To avoid performance issues, getter methods may return mutable objects without copying This assumes that their return values are read-only and will not be directly mutated. (Setter methods that operate via a copy are allowed.) In some cases; the return value of a getter method may be directly mutated, e.g., because a copy was already created in the getter; this should be clearly stated in the documentation but should not be treated as the default.

Property based accessors and setters

Direct access to class members (via properties or @property) should generally be avoided, as it is too easy to perform modifications via one liners with the class.property on the left-hand-side of an assignment.

The default assumption is property based setters will mutate the object in-place.

Code Quality

A number of changes with environment isolation, linter, sphinx configuration and publishing to PyPI is included when new packages are created using BiocSetup. If you prefer to manually configure these settings, check out the V1 of this README here.

Type hints

As the term suggests, these are "hints", only used to enhance the developer experience; they should not dictate how we write our code. For this reason, we prefer simple types in these hints, usually corresponding to base Python types with minimal nesting. For example, if a function is expected to operate on any arbitrary list, the basic list type hint should suffice.

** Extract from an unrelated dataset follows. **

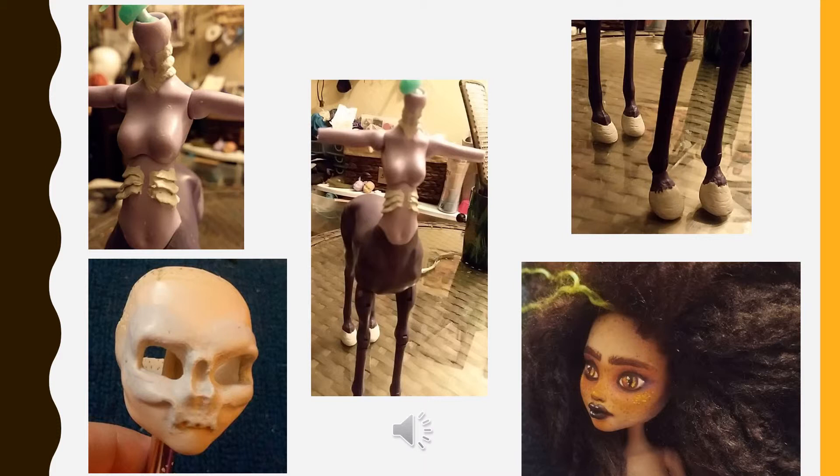The purple centaur doll is another current project of mine who is eventually going to become a Kelpie from Welsh mythology. I sculpted larger hooves and gills onto the doll.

def find_element(arr: list, query: int)
    pass

If your function expects a list of strings,

from typing import List

def find_element(arr: List[str], query: str):
    pass

If your function accepts multiple types as inputs,

from typing import Union

def find_element(arr: List[str], query: Union[int, str, slice]):
    pass

There is no need to waste time constructing the most perfectly descriptive type for your arguments or return values; just use a simple hint with minimal nesting and put the details in the docstring instead. This reddit post perfectly sums up some of these ideas.

Have fun!

Your contributions and packages are valuable to BiocPy, and we hope this guide helps set guidelines and standards. Thank you for being a part of our developer community and more importantly have fun!